Historic golf course in Buffalo, New York, U.S.

The Grover Cleveland Golf Course is a historic golf course located in Buffalo, New York that hosted the 1912 U.S. Open that was founded as The Country Club of Buffalo. It is one of two courses owned by Erie County.

==Course==
The golf course is located at 3781 Main Street. The 18-hole course is 5621 yd (from the back tees) and is a par 69. It has a course rating of 66.5 and a slope rating of 107.

==History==
The course was founded as The Country Club of Buffalo on February 11, 1889, and was originally located at the intersection of Elmwood Avenue and Nottingham Terrace, near the present-day Delaware Park and SUNY–University at Buffalo. After purchasing the 1823 Samuel Schenck House, which included the Old Stone House, farm and orchard at 3781 Main St, they moved from their site on Elmwood Ave. The CCB built the original club house, polo field, archery field, tennis courts and lastly the 18 hole golf course. Noted architect E.B. Green designed the first clubhouse, which opened in August 1889.

In 1899, the club relocated to make way for the 1901 Pan-American Exposition. The clubhouse became the Women's Center during the Pan-American Exposition. The club acquired land at the intersection of Main Street at Bailey Avenue at the City of Buffalo’s border with the Town of Amherst. The club began construction of a golf course at that time and constructed a clubhouse on the site in 1901. George Cary, who also designed the landmarked Buffalo History Museum, designed the clubhouse. The 18-hole golf course, tennis courts, and a polo field were completed in 1902. In 1910, A.L. Pfitzner, a pilot from Curtiss, made the first airplane flight in Western New York from the club's grounds. In 1910 and 1911, Walter J. Travis renovated the course in anticipation of attracting a major golf tournament.

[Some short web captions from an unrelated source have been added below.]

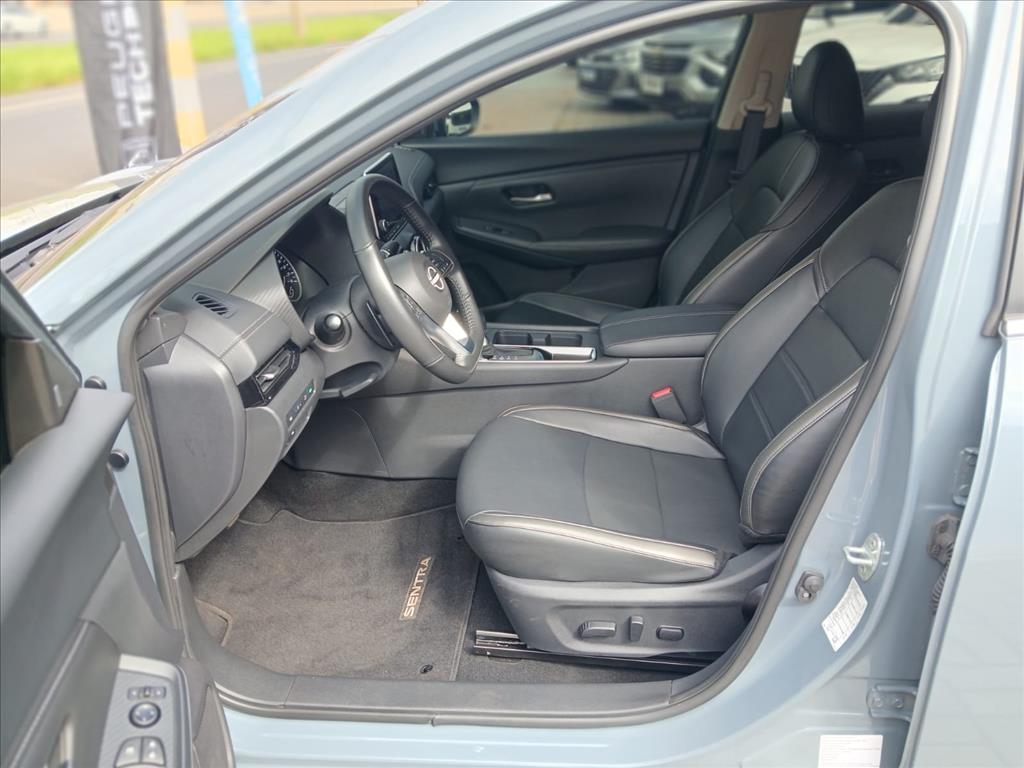 SENTRA 2.0 16V GASOLINA ADVANCE XTRONIC3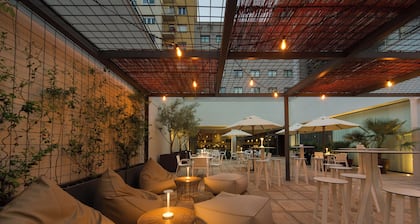 Hotel Vilamari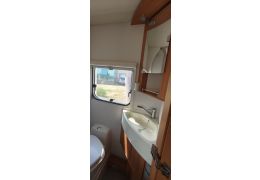 Autocaravana Perfilada KNAUS Tabbert de Ocasión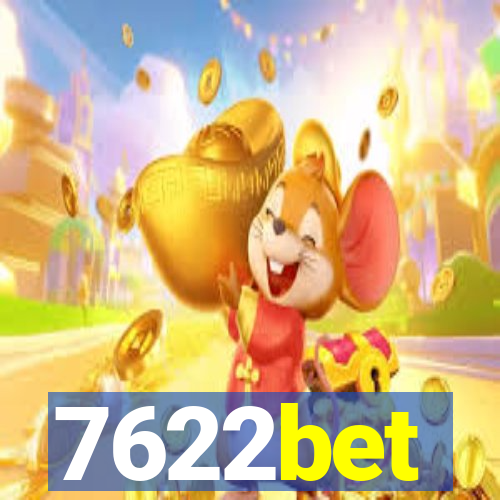 7622bet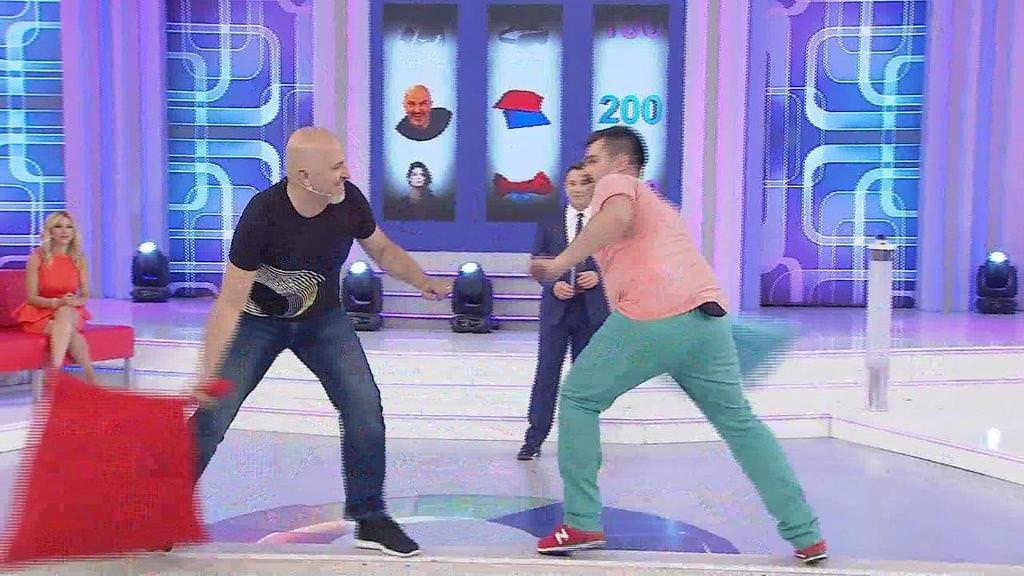 14. bölüm fotogaleri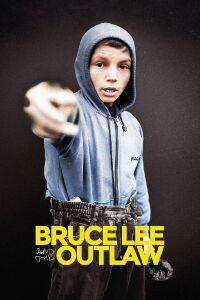 Bruce Lee y el marginal (2018)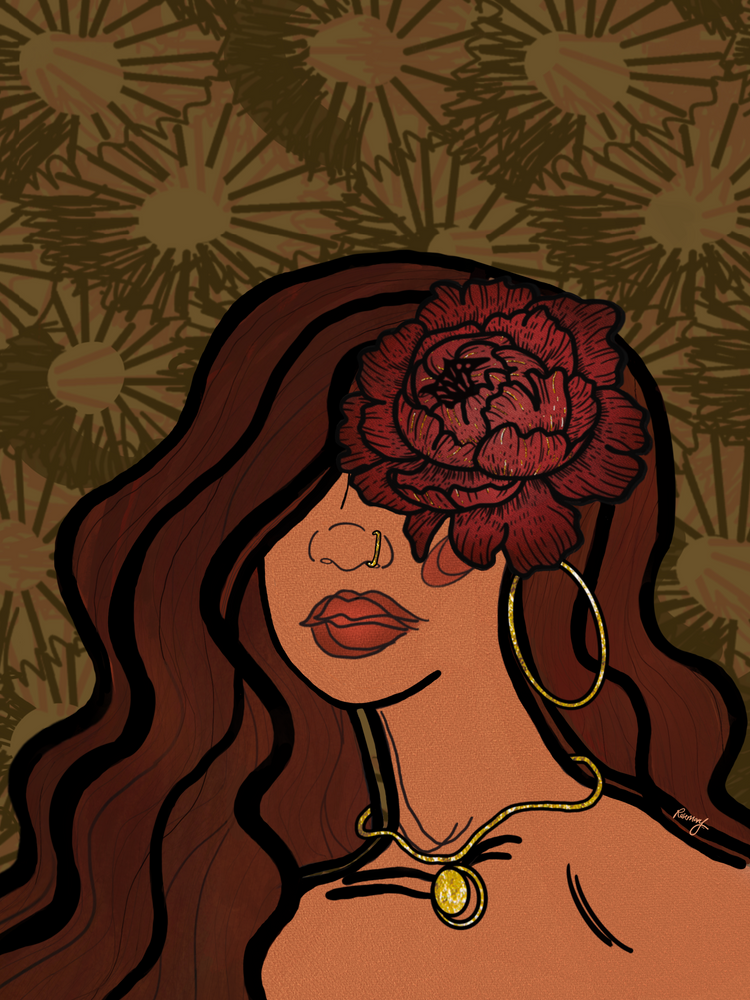 Flourishing Phase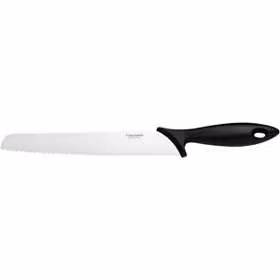 Fiskars Avanti brödkniv 23cm
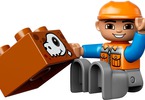 LEGO DUPLO - Nakladač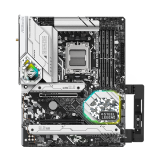 Pamatplate ASROCK AMD B650 SAM5 ATX (B650ESTEELLEGENDWIFI)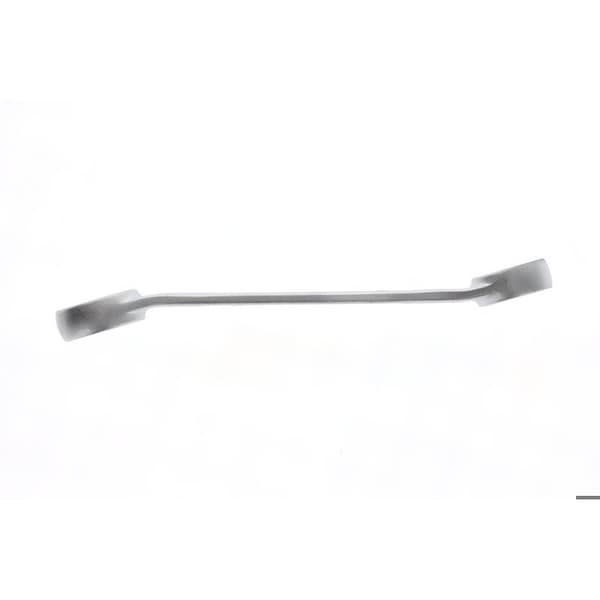 Gedore Flare Nut Wrench, Open UD, 22x24mm - 400 22X24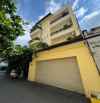 Bán Biệt Thự Thảo Điền- Góc 2MT Đường Nguyễn Văn Hưởng 15X10m CN 143m2 - 4 Lầu Giá 26 Tỷ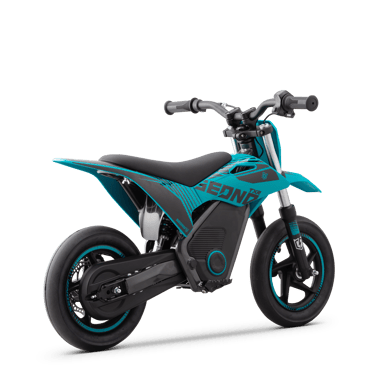 Pocket bike électrique enfant sedna txr 250w supermotard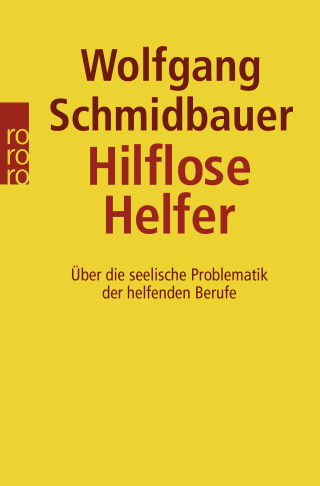 Cover Download Die hilflosen Helfer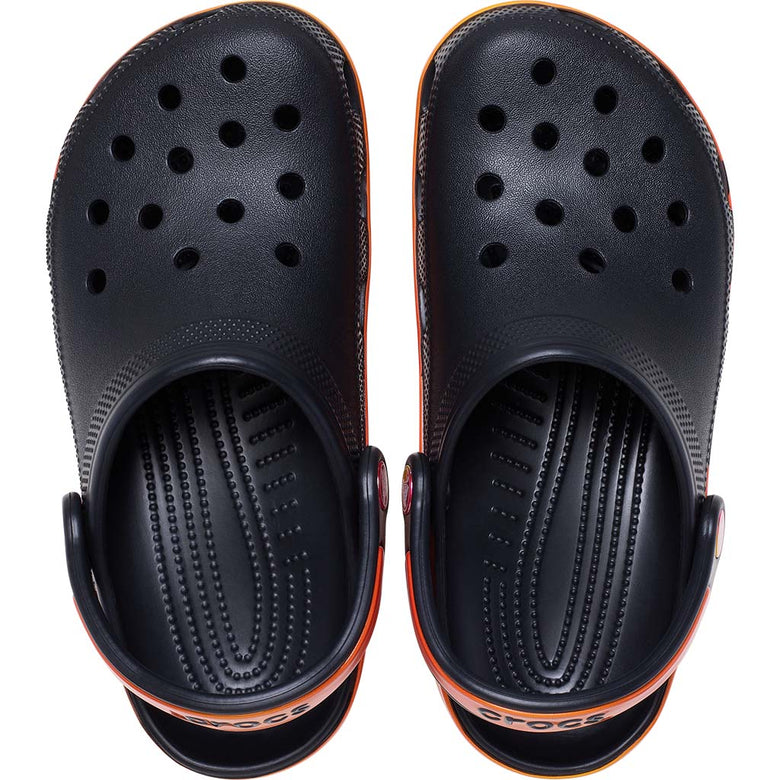 Classic Reflector Clog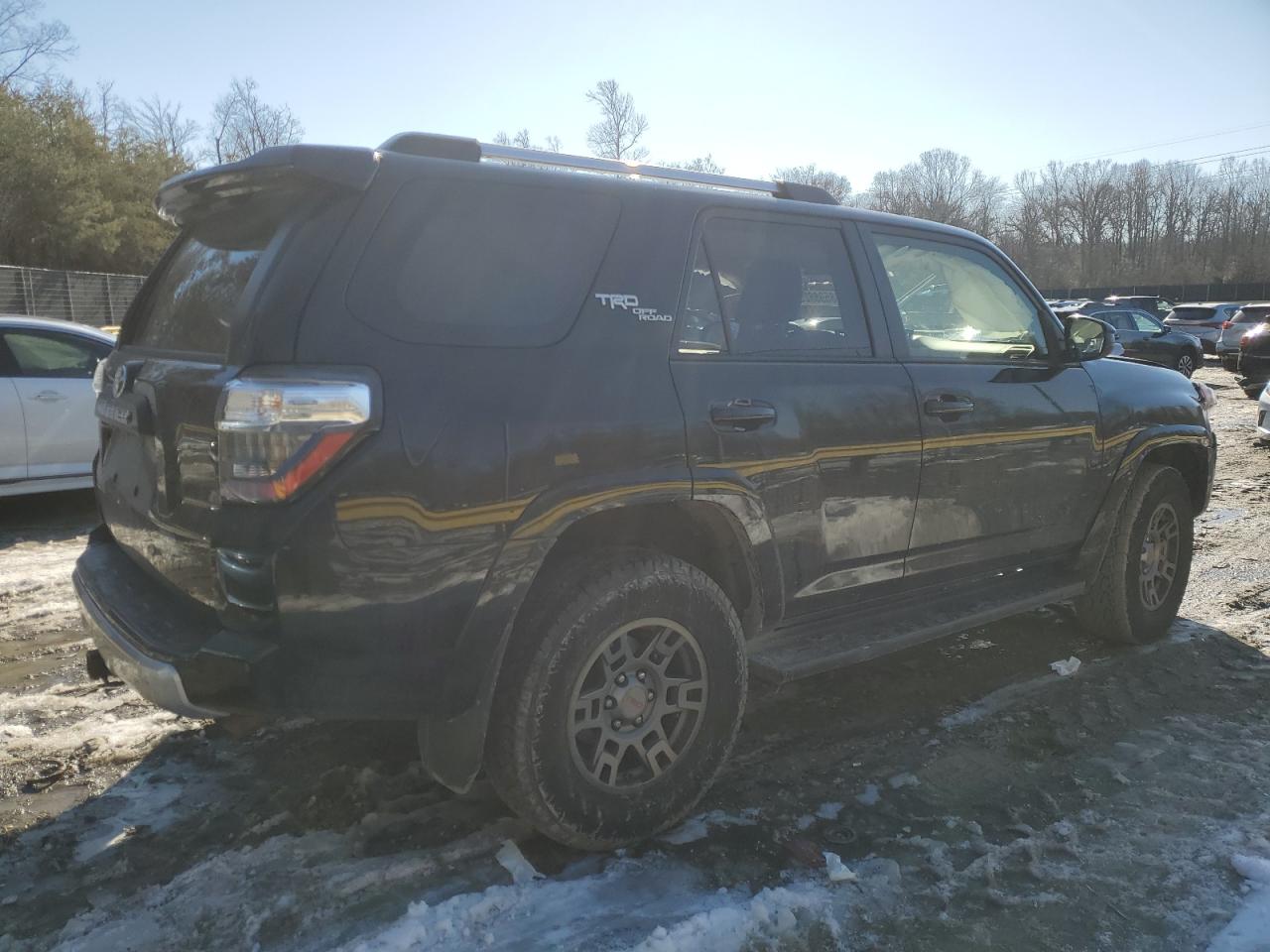 2018 Toyota 4Runner - Image 3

In 1912, the course hosted the 1912 U.S. Open, won by the defending champion, 20-year-old John J. McDermott, Jr., still the youngest-ever champion and the first American to win the title. McDermott won the tournament with a score of 283.

===Sale===
In 1922, the Country Club of Buffalo began acquiring new property, and in 1925, the existing course was sold to the City of Buffalo for $800,000. In 1926, the club completed its relocation to its present location in the Town of Amherst at 250 Youngs Road in Williamsville, New York.

When the club moved to its present location in Amherst, the existing site was renamed Grover Cleveland Park to honor the former Mayor of Buffalo, Governor of New York, and President of the United States. It was at this time, that the Main St. property was rezoned from being part of Amherst, NY to becoming part of Buffalo, NY.

The present course has hosted the U.S. Women's Amateur in 1931, the Curtis Cup in 1950, the Carling Cup Matches in 1960, and the National Junior Girls Championship in 1962.

===Country Club of Buffalo===
The transported Country Club of Buffalo, located in the Town of Amherst is a 6600 yd (from the back tees), par 72 Donald J. Ross, ASGCA designed golf course also opened in 1926. The course rating is 71.8 and it has a slope rating of 127 on Bent grass. Timothy P. Minahan, CCM manages the course as the general manager. The clubhouse, which overlooks the eighteenth green, was designed by Duane Lyman and opened in 1927.